I got to be in the live audience yesterday of a Tom Peters webinar where for an hour he railed, riffed on great quotes, told stories, and test-i-fied. Hell of a performance. While the rest of us are nattering among ourselves, Tom is out making converts among the heathen. Go, Tom!

I nodded my head continuously for an hour. Business is about passion. Leadership is about being able to say “I don’t know.” “Don’t rebuild. Reimagine.” “Don’t hire someone who had a 4.0 GPA. The definition of a 4.0 student is someone who’s bought the act.” And he tells how the war in Afghanistan was fought much more efficiently because direct, person-to-person communication was enabled — Instant Messaging was way important among stealth soldiers on the ground — rather than mediated through the Last War hierarchy of command.

And then he talks about branding and I find myself struggling to translate it into language I understand. Tom tells us to brand ourselves at work. My hackles go up because corporate branding suffers from two flaws: First, it reduces rich complexity to an annoying jingle. Second, branding exercises are the most cynical activities companies engage in. People sit in a room — I’ve been there — and try to come up with a corporate image that will sell. It has no connection to what the company is about.
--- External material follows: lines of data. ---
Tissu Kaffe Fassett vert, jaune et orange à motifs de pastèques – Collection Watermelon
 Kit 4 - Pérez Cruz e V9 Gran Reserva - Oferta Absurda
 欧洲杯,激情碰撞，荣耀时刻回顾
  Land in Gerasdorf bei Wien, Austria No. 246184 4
Can this be what Peters recommends that we do to ourselves?

No, it’s not. Although Peters doesn’t use the word “authenticity,” he assumes it as a value. The people he admires aren’t faking it. In fact, they’ve shaken free of the corporate pose that says that managers can never admit weakness, are not permitted to risk an original idea, and must “not rock the boat.” So, when Tom tells us to brand ourselves, he does not mean that we should invent a persona. He means we should work on figuring out who we really and what we really do for the business.

That’s what I tell myself as I cringe hearing the “brand” word applied to individuals. Tom’s really talking about the enthusiastic embrace of self-understanding. He puts it in terms of “branding” because his audiences consider corporate branding to be a good thing.

I find it more useful — given my wanting to hurl when I hear “branding” — to think in terms of “reputation,” a term that’s begun to be used in place of “brand” in some corporate marketing departments. “Reputation” has three big differences from “brand”: Reputations are earned, reputations are bestowed by others, and reputations can be rich and multifaceted.

Brand myself? Nah. Let me build a reputation. That’s how I take Peters’ talk of self branding.

On the other hand, Peters has been getting through to businesspeople for twenty years while we’ve been nattering. For example, last night at dinner, the waitress said that everyone at the restaurant is taught to be creative and human in their responses and to exhibit their passion for their job. The source? In Search of Excellence. Too cool.

[The fact that Peters ran an interview with me on his site last May certainly has not affected my opinion of him. I’ve been liking what he says for 20 years now.]